« Maison de confiance créée en 2016, Marest a déjà offert aux fieffés cinéphiles certaines joies sans mélange. »
François Angelier, Le Monde
Les éditions Marest sont dirigées par Séverine Danflous et Pierre-Julien Marest.
Spécialisée en cinéma et littérature, la maison fête ses dix ans en 2026. Durant ces dix années, les publications ont été régulièrement saluées par la presse et ont récolté plusieurs prix du meilleur livre de cinéma, comme le prix du Syndicat de la Critique de Cinéma (Aventures de John Boorman), le Prix Transfuge (L’Invention du cinéma de Luc Chomarat ; J’avais jadis une belle patrie de Lotte Eisner ; La petite géographie réinventée de Leos Carax de Jérôme d’Estais), le Prix Michel-Ciment Syndicat de la Critique de Cinéma/Centre National du Cinéma (Busby Berkeley, l’homme qui fixait des vertiges de Séverine Danflous et Pierre-Julien Marest) ou le Prix Pessac (Robert Altman, miroitements d’une œuvre d’Edouard Sivière).

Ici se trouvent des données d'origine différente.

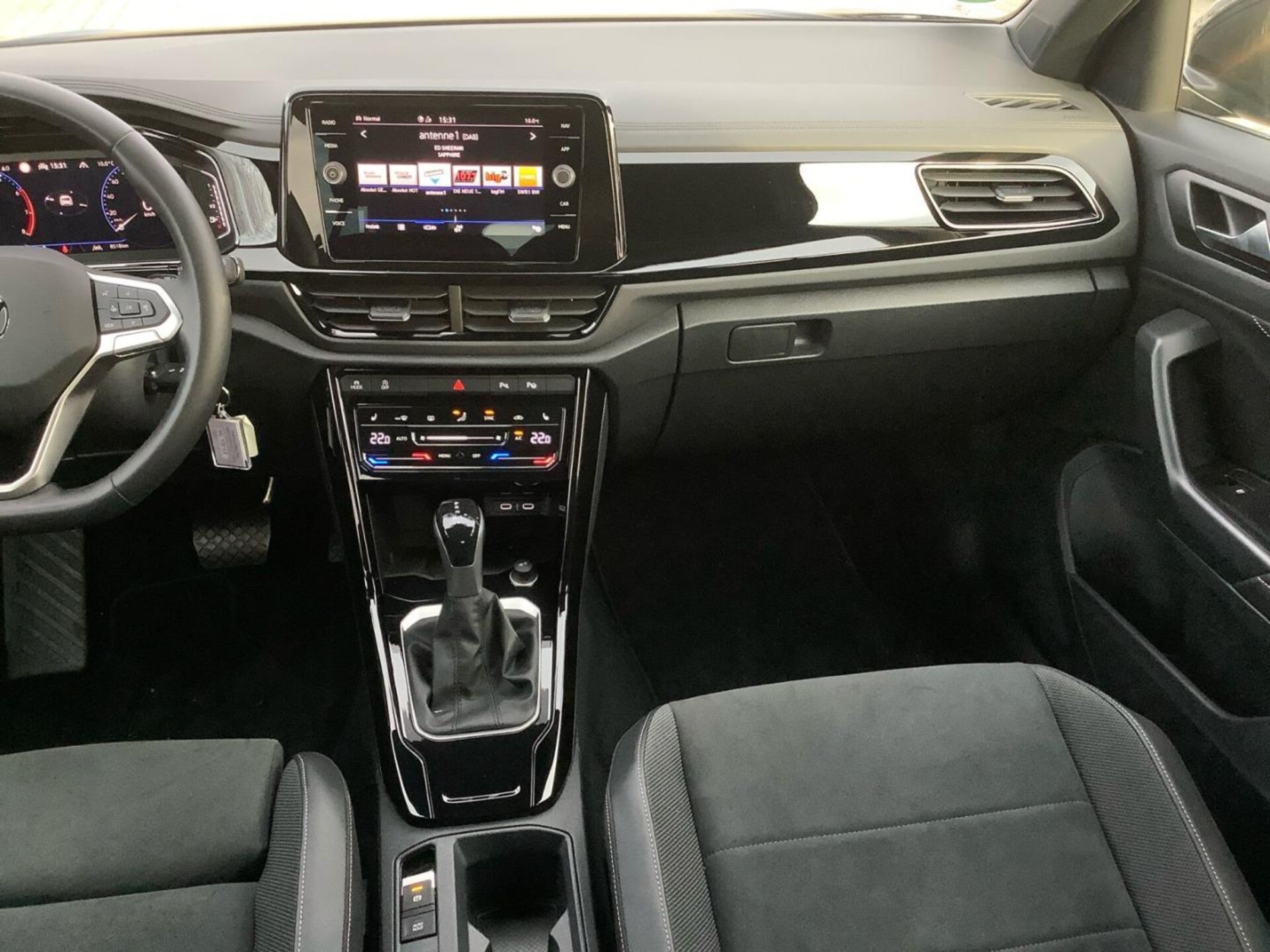 Volkswagen T-Roc Style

Outre ces publications, la maison a monté, en 2024, une collection de livres de poche intitulée Marest bis qui remet en lumière des ouvrages épuisés (James M. Cain de François Guérif, Comédie musicale d’Alain Masson, Preston Sturges de Marc Cerisuelo, Journal d’un cinéphile de Noël Herpe). En 2026, s’ouvre la collection Carte blanche accueillant, comme éditrice invitée, Nicole Brenez, qui y publie un ouvrage collectif dirigé par Jacques Kebadian : Un mur contre l’oubli – Seize récits arméniens.
La maison publie huit ou neuf ouvrages par an et privilégie le travail avec les librairies. En 2026, elle compte plus de 80 titres au catalogue et décide de s’installer en province, dans le pays de Caux, afin de retrouver un rapport naturel à la vie.
Séverine Danflous découvre la lecture lors de ses longues vacances chez ses grands-parents, fermiers dans le Gers. Elle aime Kafka, Marnie, Cassavetes, Flaubert, Homère, Lynch et Cronenberg, P.J. Harvey, Carson McCullers, Italo Calvino, Borges, Joyce, Proust, Paul Auster ou Joan Didion. La lecture, les études de lettres et de cinéma la conduisent tout droit vers l’écriture. Son livre de chevet est Un artiste de la faim, de Franz Kafka.
Pierre-Julien Marest songe souvent à son grand-père, qui naquit à la fin du XIXe dans une famille de cordiers de Cherbourg, connut le Moutarde des tranchées de Verdun comme l’Occupation et fit fortune dans le négoce du bois. Son petit-fils se rêva cinéaste, mais c’est un emploi chez l’éditeur libertaire Claude Tchou qui lui donna le goût de l’édition. Il crée les éditions Marest en 2016 et est rejoint par son épouse, Séverine, l’année suivante. Il aime Edgar Allan Poe, Suétone, Jean-Luc Godard, Ida Lupino, Baudelaire, Charlotte Corday, Serge Gainsbourg, Lotte Eisner, Philip K. Dick, John Huston et tant d’autres. Son livre de chevet est L’Invention de Morel, d’Afolfo Bioy Casares.